PKM2-mediated metabolic reprogramming of microglia in neuroinflammation

Abstract

Microglia, the resident immune cells of the central nervous system, undergo metabolic reprogramming during neuroinflammation, playing a crucial role in the pathogenesis of neurological disorders such as Parkinson's disease. This review focuses on Pyruvate Kinase M2 (PKM2), a key glycolytic enzyme, and its impact on microglial metabolic reprogramming and subsequent neuroinflammation. We explore the regulatory mechanisms governing PKM2 activity, its influence on microglial activation and immune responses, and its contribution to the progression of various neurological diseases. Finally, we highlight the therapeutic potential of targeting PKM2 as a novel strategy for treating neuroinflammation-driven neurological disorders. This review provides insights into the molecular mechanisms of PKM2 in neuroinflammation, aiming to inform the development of future therapeutic interventions.

Fig. 1. Expression of pyruvate kinase isoforms.

Mammals express four pyruvate kinase isoforms: PKL, PKR, PKM1, and PKM2, encoded by two PK genes. One gene encodes PKL and PKR, sharing exons 3-12. PKR transcripts retain exon 1 and are predominantly expressed in red blood cells. PKL transcripts retain exon 2 and are primarily expressed in the liver, kidney, pancreas, and intestine. The other gene encodes PKM1 and PKM2, sharing exons 1-8 and 11-12. PKM1 transcripts retain exon 9 and are expressed in differentiated tissues such as the heart, brain, kidney, and muscle. PKM2 transcripts retain exon 10 and are expressed in brain, lung, liver, kidney, heart, embryonic tissues, and tumor cells. PKM2 expression is significantly upregulated during inflammation.

Fig. 2. PKM2 and microglial immune status.

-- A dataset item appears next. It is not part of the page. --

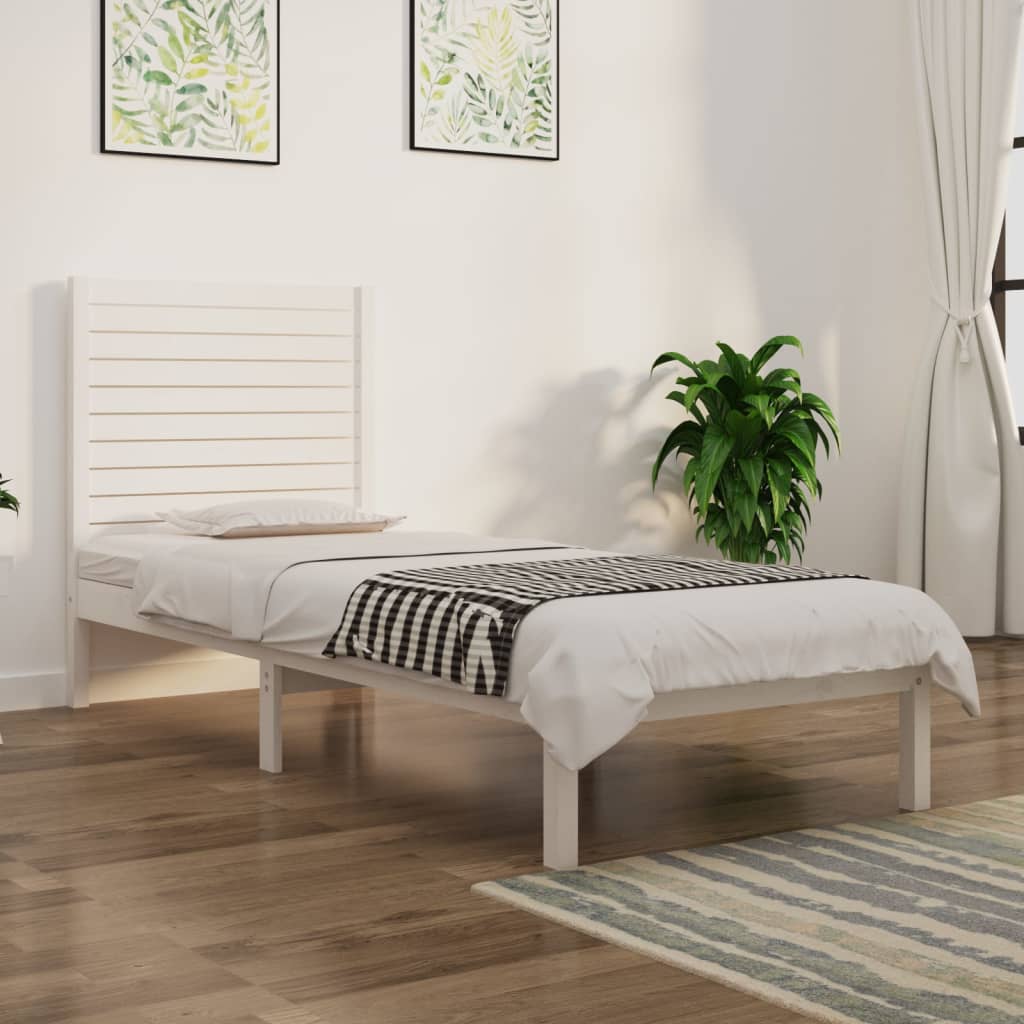 Bedframe Massief Hout 75 x 190 cm Wit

During neuroinflammation, upregulated PKM2 in microglia drives metabolic reprogramming, inducing pro-inflammatory (M1) polarization and chemotaxis. Enhanced glycolytic acid production in astrocytes and neurons exhibits dual effects: promoting neuronal activity at physiological levels while exacerbating inflammatory cascades when overaccumulated. PKM2 inhibition reverses this metabolic shift by augmenting oxidative phosphorylation, thereby triggering an anti-inflammatory (M2) phenotypic transition that confers neuroprotection.

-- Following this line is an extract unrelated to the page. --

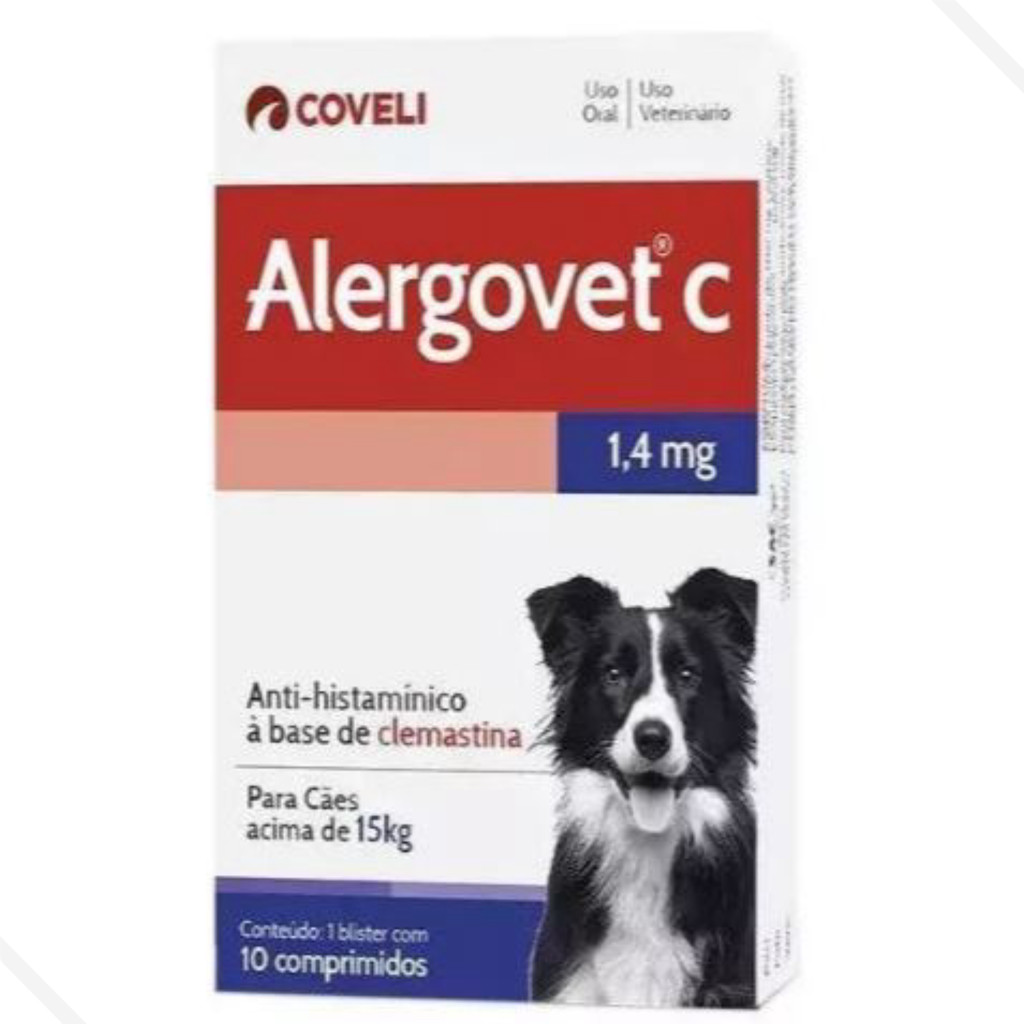 Alergovet Cães E Gatos Coveli - 1,4mg 10 Comprimidos em Oferta na Shopee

Fig. 3. Regulation of PKM2.

Under physiological conditions, cytoplasmic PKM2 exists as a tetramer. Upon microglia activation, PKM2 dissociates into dimers and translocates to the nucleus to regulate gene expression. HIF-1α directly upregulates PKM2 expression and its nuclear translocation. In the nucleus, PKM2 phosphorylates HIF-1α, forming a complex that promotes IL-1β secretion. Additionally, PKM2 phosphorylates STAT3 to enhance the release of IL-6/IL-1β, thereby exacerbating the inflammatory response. Moreover, PKM2 interacts with signaling pathways such as ATF2, Pyk2, β-catenin, and mTOR to regulate its own expression, glycolysis, and microglial polarization within pro-inflammatory environments.